We have three future asset and income targets and have had for 30 years, which are described as the minimum, median, and maximum. The minimum target has been locked in for more than a decade. The median is about 80% complete, but we still aspire to achieve the maximum – that target is inter-generational and will provide at least an average UK salary type net income to our boys, if need be, for the rest of their lives.

That does not stop me reminding both of them that their parents have planned to spend every last penny before we pop our clogs at the actuaries-calculated 80% probable age of death of 91 years. If we live any longer than that, they will have to look after us or have us euthanized. Though we would love Forex (or more broadly financial trading) to provide us with a six-figure income every year, it is absolutely not necessary, and not expected.

I pay a lot more attention to risk management within the context of risk/reward ratios now, and when I develop a trading strategy and plan it has very specific statistically expected outcomes that I track fiercely to ensure we do not fall outside the predicted range of expectation. I am no statistical expert, but I have spent much of my life analyzing engineering data and understanding what probabilities mean in practice in matters such as life and death, financial health, etc.

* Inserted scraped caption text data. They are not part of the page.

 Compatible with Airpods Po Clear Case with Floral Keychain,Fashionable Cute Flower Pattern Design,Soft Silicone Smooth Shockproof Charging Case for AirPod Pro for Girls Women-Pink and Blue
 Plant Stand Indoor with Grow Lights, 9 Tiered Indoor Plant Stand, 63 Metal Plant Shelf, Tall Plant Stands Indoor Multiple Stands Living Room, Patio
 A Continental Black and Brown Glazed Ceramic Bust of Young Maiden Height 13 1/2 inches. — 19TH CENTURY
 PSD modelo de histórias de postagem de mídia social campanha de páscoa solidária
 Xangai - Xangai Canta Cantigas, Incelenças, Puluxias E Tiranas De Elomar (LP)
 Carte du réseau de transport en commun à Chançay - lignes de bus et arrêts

If Forex were to contribute even 25% to our future income from an investment of 10% of our total assets, that would be a fine outcome. This needs to be understood in the context that we are near the end of our conventional working lives. If I were 30 years younger, I would have a far greater risk appetite (as I did in the past, which contributed to our current success).

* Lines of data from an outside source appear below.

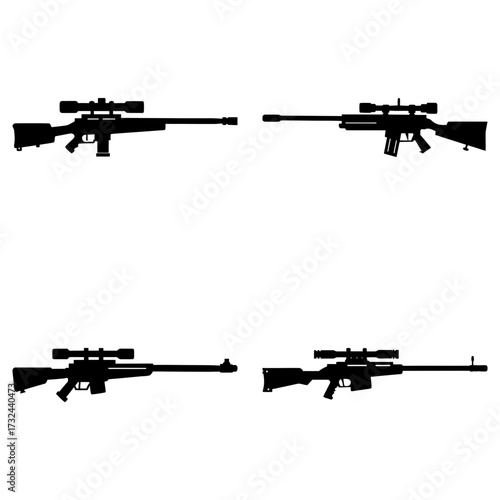 Four black silhouette sniper rifles with scopes arranged in a two by two grid on a white background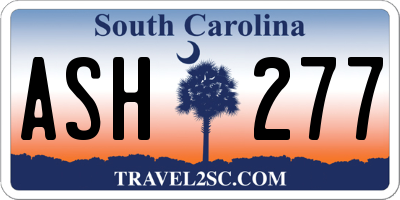SC license plate ASH277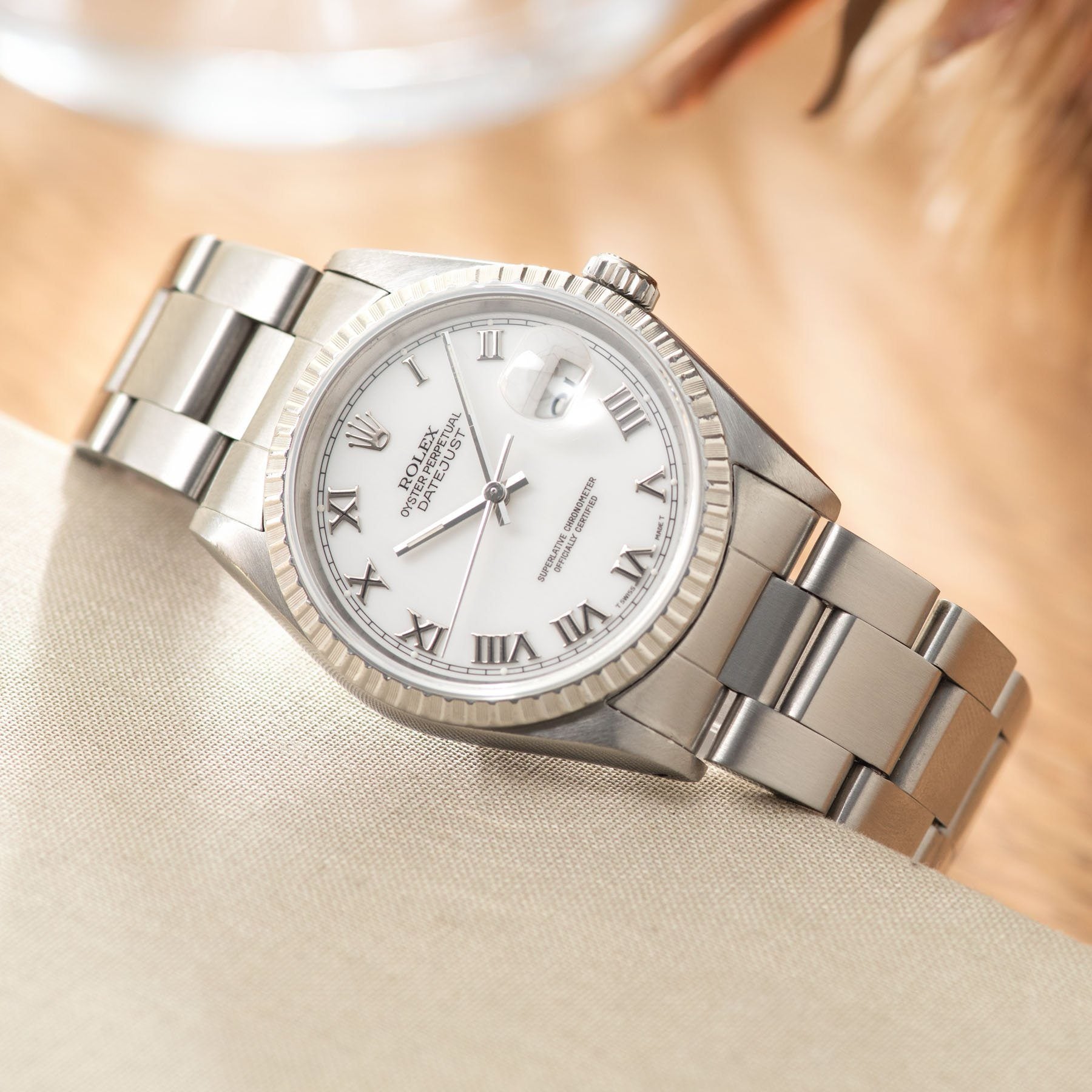 Rolex Datejust White Porcelain Dial Ref 16220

4. What was your most successful or memorable trade, and your worst trade?

That is a really interesting question, which I will answer with a Forex example, though I have far more interesting memorable trades that have nothing to do with Forex. I used to own a scrapyard in Manchester, but that is a different story. And in our trading business in the Middle East, I once had a staff competition based on the best percentage mark-up for an item sold to our corporate clients within the month. That resulted in a 1,300% mark-up on a table for which I had to pay the engineer about a month’s wages in bonus to the ingenious guy who put the quote into the client. We had to shorten the legs to achieve the exact customer specification, but I digress.

Back in 2015, I was trading like one of those guys you see on CNN news in the background with his nose to eight screens -I think we are supposed to call that either scalping or day trading. Anyway, from the moment I entered the trade (for about £10 at the time), price action went my way, and kept going, and going, and going. My take profit (in my plan, not entered in the trade) was 3R, but it hit 3R in about thirty seconds.

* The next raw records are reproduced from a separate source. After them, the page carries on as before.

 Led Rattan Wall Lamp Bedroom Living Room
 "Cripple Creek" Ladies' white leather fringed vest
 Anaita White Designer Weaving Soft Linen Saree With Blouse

My friend arrived at the door – we were due to go out for a beer. I yelled to the kids to let him in and shouted “come and see what I am doing”. Gaz came into my office room at home, looked at the two 24 inch monitors full of squiggly lines, and said “WTF?” I hit the sell order at 11X - £110 up and spent the rest of the night waxing lyrical about how I was about to become a Brazillionaire.

Two months later, the account was down 30% and I wondered how the heck that could have happened when I limited my trades to a maximum of 2% per trade with a maximum of no more than 4 trades open at once. I am far more cautious now.

5. How has trading changed your life? What have you learned so far about trading the forex market? What changes might you make in the future?

How has trading changed my life? Trading in the broadest sense has made my life very pleasant. I have been through quite a few failed ventures, but my wife and I have been trading (physical goods and services) for almost 30 years and have managed to live a very comfortable life. I also have a well-paid day job as a contract IT management consultant. My first “trade” was made at school when I sold something like a plastic marble for 1d (one old penny in English money). I think I was six or seven. Forex is something I have been involved in, on and off, since 1988. More off than on.

What have I learned so far about trading the Forex market? I have not made money to date in the Forex market, but losses have never been negatively life-affecting.

Before I make any change in decisions about how we allocate our funds, I always discuss that in detail with my partner and wife of 30 years. That sometimes results in us not pursuing an idea, but it has never resulted in a disagreement. If either of us feels uncomfortable about an application of money or assets to a new venture, we just don’t pursue it. What I have paid for in formal education in the early days and on a continuing basis by participating in conversations with like-minded people, and actual trading has been worth it ten times over. I feel we have got to where we are with Forex at a very low cost, and for that, I am grateful that I have been taught humility by the market. That is about relative risk assessment, which I have learned over the years by participating in failed ventures with a Never Give UP attitude.

Changes in the future. We have been participating in the Crypto-currency market now for four months. It’s like stocks on speed regarding volatility. A volatile day in Crypto has the same range of activity as a volatile year in stock trading. So far, so good.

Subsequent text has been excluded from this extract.